◆ Work to complete
Leave out the pictures, and quote exactly the lines running from the one with "UGG Bailey Bow Stripe Lavender Boots" through the last line of the entries below.

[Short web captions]
■ ■ ■ ■

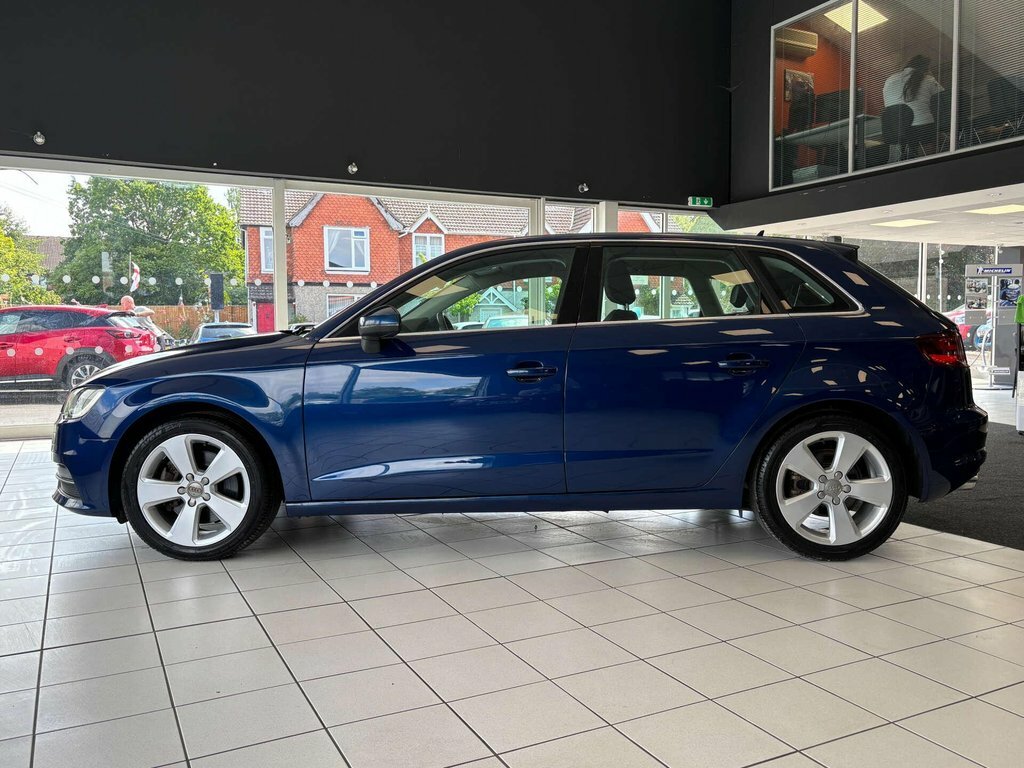 Audi A3 1.8L Sport Blue #6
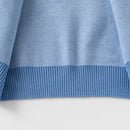 Autumn Baby Boys Knitted Sweater Stripes Mock Neck Zipper Cardigan Coat 3-7Yrs Children's Clothing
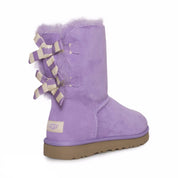 UGG Bailey Bow Stripe Lavender Boots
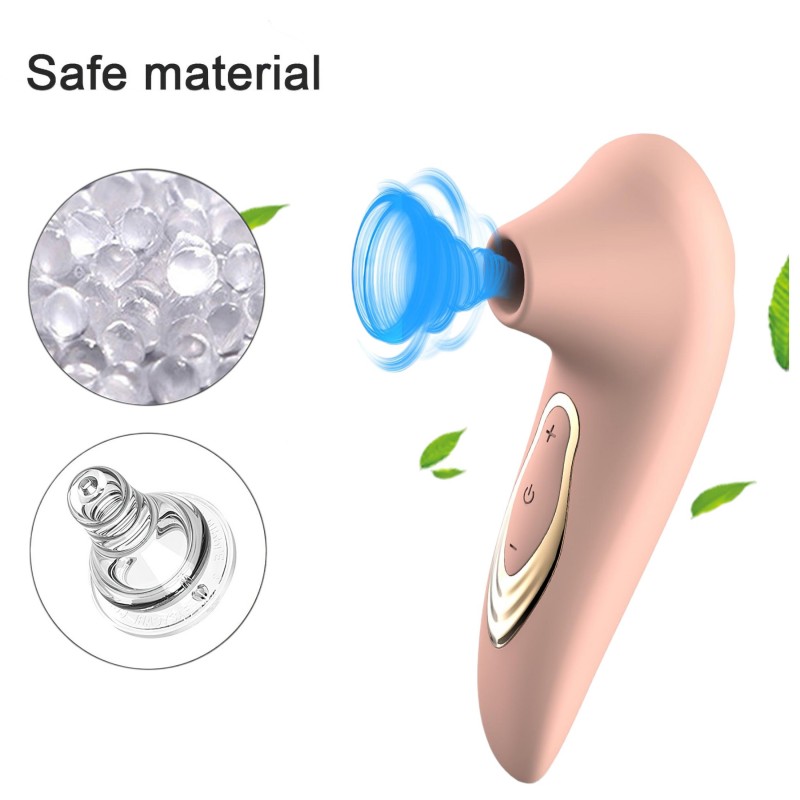 AlvUp - léghullámos csiklóizgató vibrátor (pink) 125979 termék bemutató kép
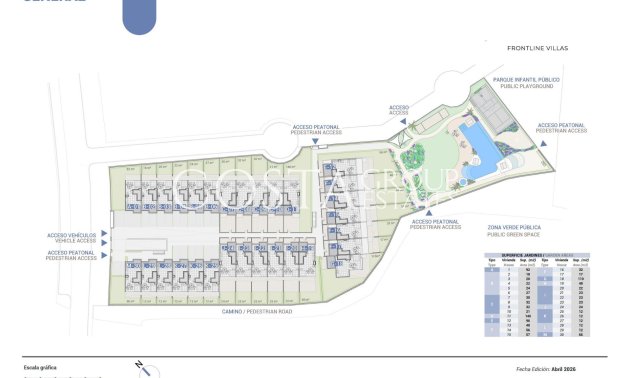 Nieuwbouw Woningen - Huis -
El Campello - Platja de L´Amerador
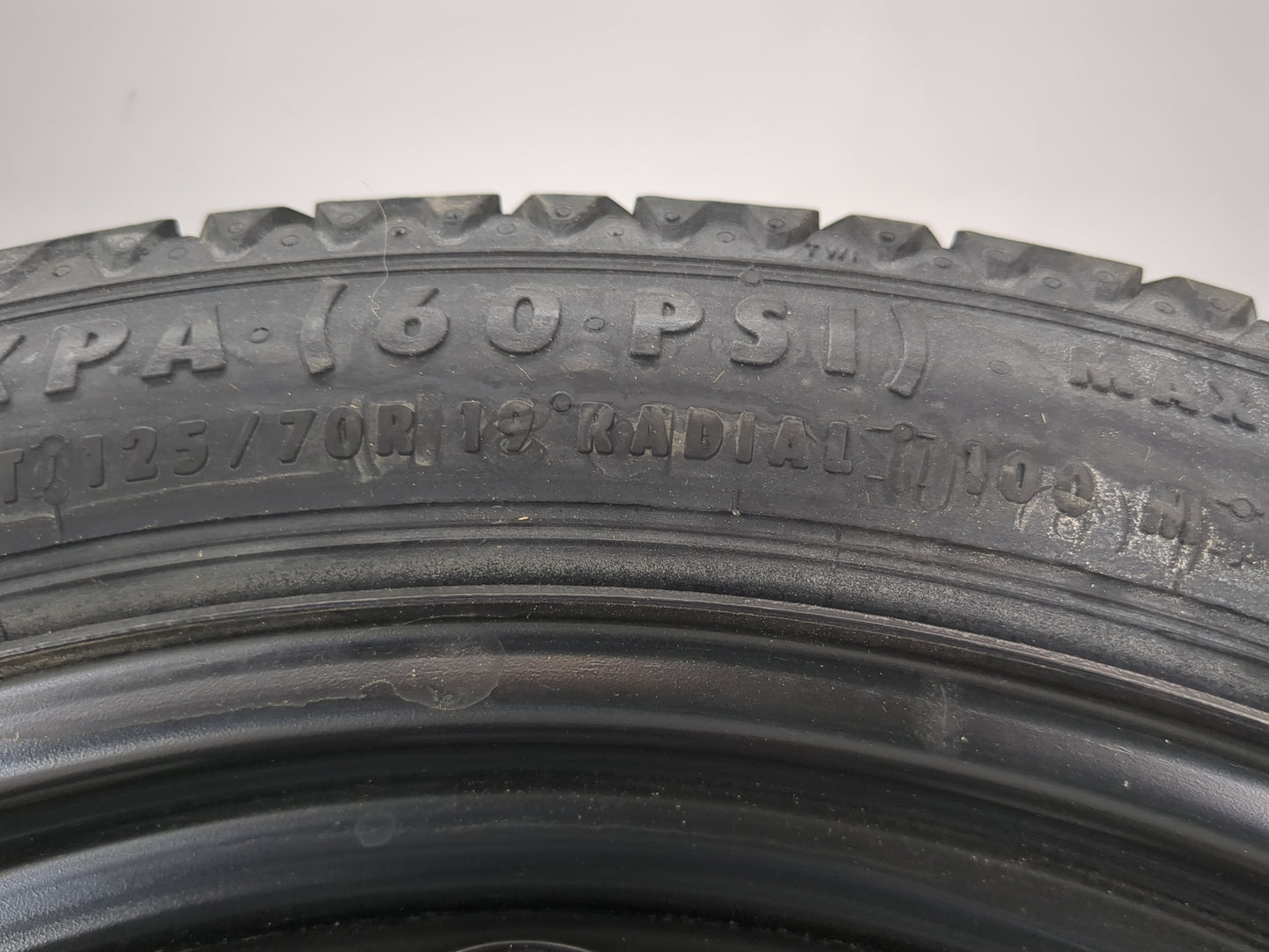 2019-2022 Audi A4 Spare Donut Tire Wheel Rim Oem - Oemusedautoparts1.com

■ ■ ■ ■

◆ The answer
 UGG Bailey Bow Stripe Lavender Boots
 AlvUp - léghullámos csiklóizgató vibrátor (pink) 125979 termék bemutató kép
 Nieuwbouw Woningen - Huis -
El Campello - Platja de L´Amerador
 2019-2022 Audi A4 Spare Donut Tire Wheel Rim Oem - Oemusedautoparts1.com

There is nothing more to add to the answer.